The one that enveloped the entire southeastern part of the US. The one that started the water wars between Georgia, Alabama and Florida? The water cops were out in full force. Neighbors were ratting on neighbors for watering lawns, gardens, flower beds.



Articles were written about conservation. Some even went so far as to collect the water in their showers in buckets and reuse it for outdoor watering. And many had expensive wells dug in their yards to bypass the official water sources and watering restrictions. Lush, green lawns were suspect. Signs went up "This lawn is watered using "WELL WATER"
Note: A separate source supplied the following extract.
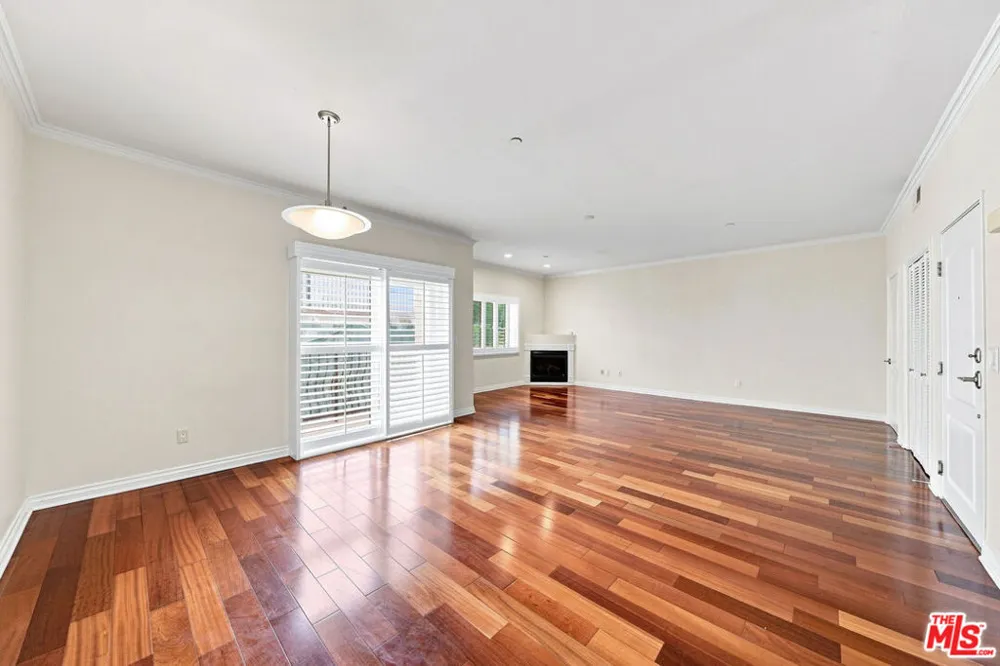 956 S Wilton Place #401 Los Angeles, CA 90019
Plans were made to plant cactus gardens.



Lakes Lanier and Allatoona were 12 to 15 feet below average levels. Florida said they needed MORE water released from Lake Lanier so the snail darters could survive. (We human Georgians wanted to survive also). Polititians fumed and fought.



Lake front lots were dry docks. It was HOT and DRY. PARCHED. It went on and on. Year after year. Almost to "dust bowl" proportions. the "Okies" among us were considering loading up the pickups and heading for California.



Then March, April and May 2009 came:



"Unusually active weather pattern brings frequent torrential rains to the Southeast. The last week of March and first week of April brought a shift in the large-scale weather patterns across the Southeast U.S., characterized by an active pattern with frequent low pressure systems moving across the northern Gulf Coast. Several of these systems were slow-moving, allowing soaking rains and thunderstorms to dump heavy accumulations of rain over the two-week period across most of Georgia, Alabama, and North Florida.. The widespread nature of the heavy rainfall has resulted in flooding of low-lying or poorly-drained areas and record or near-record floods on some Georgia and North Florida Rivers."



And according to WSB-TV Channel 2 meteorologist David Chandley



"Finally, the drought is OVER!.
As I track showers and t-storms across the southeast, I found this little nugget on the computer. For the first time in more than 2 years, the state of Georgia is drought free!! "







Oh. And by the way. about a month ago we had a soaker system installed for our tiny front yard and new shrubs.

Probably that did it and the heavens opened up and blessed us all with



Rain.

Beautiful Rain.

Wet wonderful water.

Rain.



cloudburst, deluge, drencher,flood, liquid sunshine, monsoon, pouring, raindrops, rainstorm, sheets, showers, sun shower, torrent, wet stuff.



Whoopee!!!

8 comments:

Tabor said...

You can't fool (or fool with) Mother Nature.

kenju said...

Ain't that just the way!!

Our drought is over too, but now we're getting too much of a good thing!

cassie-b said...

Don set up a watering system for my veggie garden (at the back of our property)so that I wouldn't have to lug the garden hose out there.

I figure that's almost a guarantee that we'll have a rainy summer.

Cas
Have a great day!

Cowtown Pattie said...

True, rain in the south can be fickle, but I wouldn't count on this as the end of all ends to drought if the scientific pundits are anywhere near correct.

But, you know that :-)

Ginnie said...

Kenju is right. I live in the same area and we've had an over abundance of the good stuff...but it's still better than the drought.

joared said...

Glad you have water! I'm sure glad your drought is over, but no such luck here in Southern California. Our city is considering adopting the same conservation plan of the city of L.A. -- watering briefly only twice a week. My grass will die, as I cut back earlier, though to more than that, and it's been browning already.

Ten years or so ago I tried to convince my husband to go to natural desert landscaping in certain areas and keep only a smaller area in grass. He would have no part of that suggestion. How I do regret we had not done so, I had been more demanding, or whatever it took. I just really don't want to have to get into doing this yard, am not really able to do it myself, but may have to find someone to tackle the job.

Joy Des Jardins said...

Oh, we've definitely had our share of rain Chancy....I would have sent you some of ours during your drought if I had known. So glad all is well now.... ~Joy

Friko said...

Am I glad I live in a damp and drizzly part of the world? Hm, maybe. I love my garden and my wildflowers but I'd also like a drop of sunshine now and then. Having said that, I've actually fled indoors the last three days because we had temperatures in the high 20s!!
You can never please all of the people all of the time.